And while there are no laws barring women in Canada from having an abortion, it’s also not considered an enshrined right in the Charter of Rights and Freedoms, as it has been in the U.S. Constitution since their top court’s 1973 ruling.

“That’s going too far,” Bernard Dickens, a professor emeritus of health law and policy at the University of Toronto, said about Trudeau’s use of the word “right.”

No constitutional right

That’s because, technically speaking, no Supreme Court in Canada has ever said in a majority decision that a woman has the constitutional right to an abortion, said Daphne Gilbert, a University of Ottawa law professor who specializes in criminal and constitutional law.

Scrapping Roe v. Wade would mean that, in regards to abortion, Canada and the U.S. would on the surface be similar — in that neither country would have a Supreme Court case enshrining the right to abortion.

But Gilbert said jurisprudence involving Canada’s charter cases “has evolved so much” over the years, that if the question of abortion was taken up by the top court, “it would be impossible for me to imagine that they say there’s no right.”

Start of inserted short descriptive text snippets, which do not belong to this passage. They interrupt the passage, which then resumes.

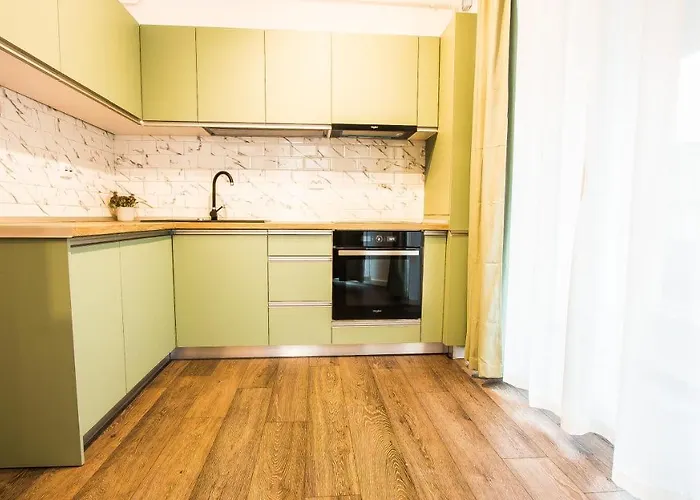 Iancului Lägenhetshotell Bukarest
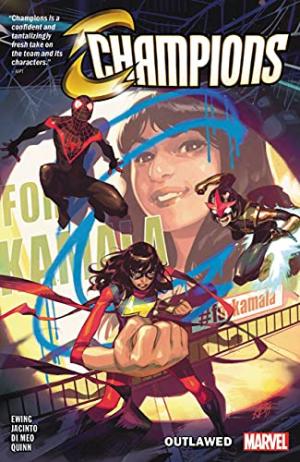 Ms. Marvel édition TPB softcover (souple) - Issues Magnificent Ms. Ma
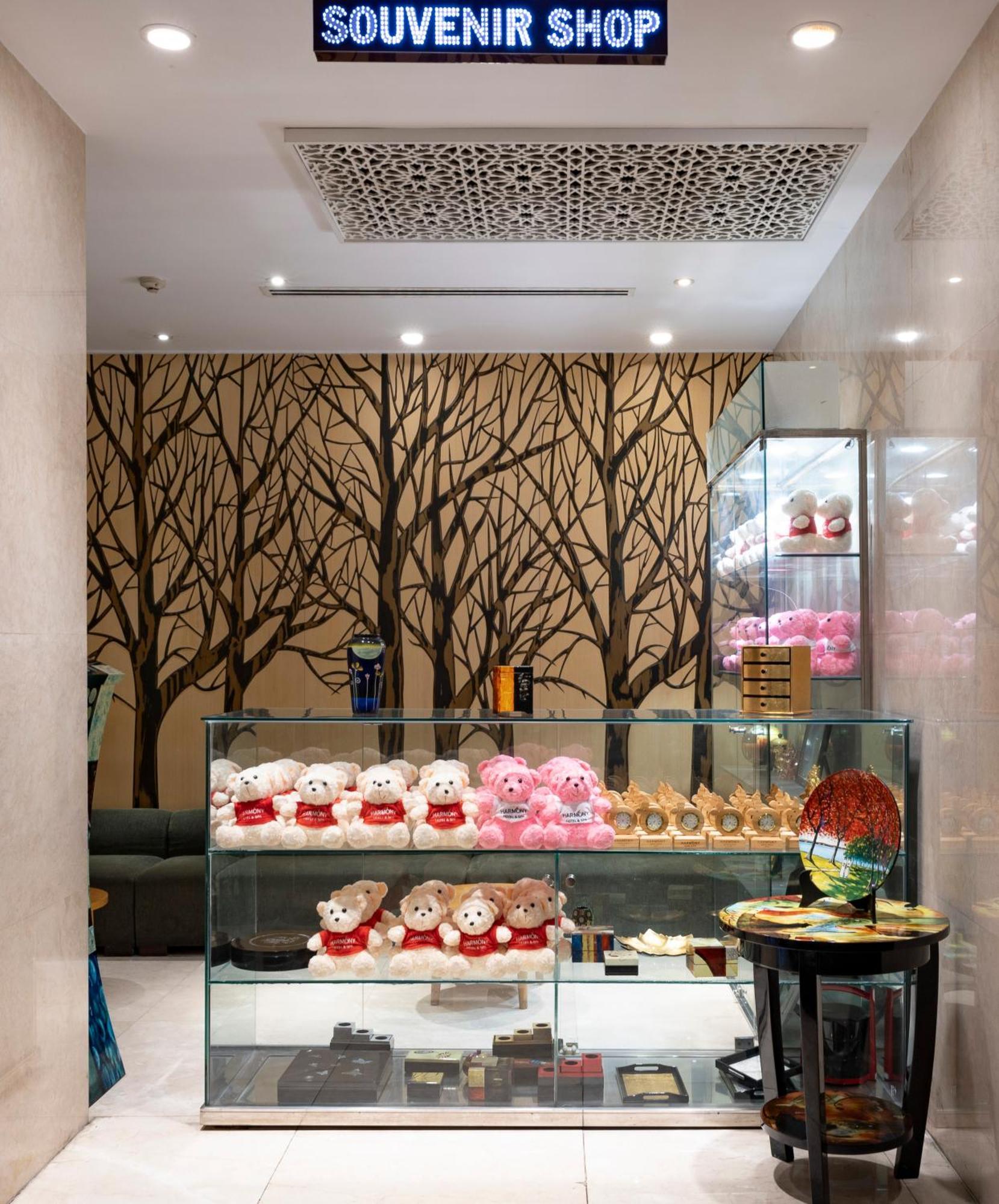 Harmony Saigon Hotel & Spa Хошимин Экстерьер фото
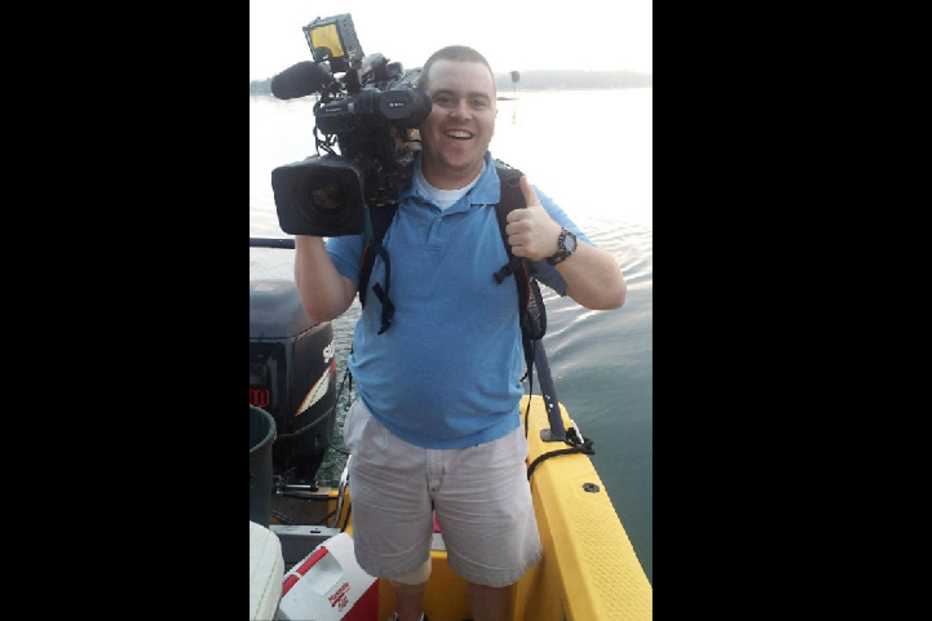 Alison Parker, Adam Ward, Chris Hurst, jornalistas, mortos, EUA, Virgínia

why canadas roe v wade didnt enshrine abortion as a right
In the landmark R. vs. Morgentaler ruling, Canada’s top court ruled that Section 251 of the Criminal Code was unfair and that it violated Section 7 of the charter, which guarantees the right of life, liberty and the security of the person. The 5-2 decision was written by Chief Justice Brian Dickson. (Michael Bedford)

Canada’s own top abortion rights case is the landmark 1988 R. vs. Morgentaler ruling.

But that case was not about whether abortion should be a guaranteed right; it instead focused on a narrow aspect of the procedure — and that aspect was found to be unconstitutional.

Back then, the Criminal Code of Canada banned abortion for women, unless they were able to get approval for the procedure by a committee of doctors.

‘Intensive process’

“It was often a pretty time-intensive process and also a pretty harrowing process. You were subject, sometimes, to interviews and questions about the reason why you were having an abortion,” explained Roxanne Mykitiuk, a disability and bioethics law professor at York University’s Osgoode Hall.

The approval process at the time was also inconsistent across the country, noted Gilbert, with different approaches taken in different regions.

“You can have a woman criminalized in Alberta, and then a woman in Toronto freely getting an abortion because she just happened to live in Toronto,” she said.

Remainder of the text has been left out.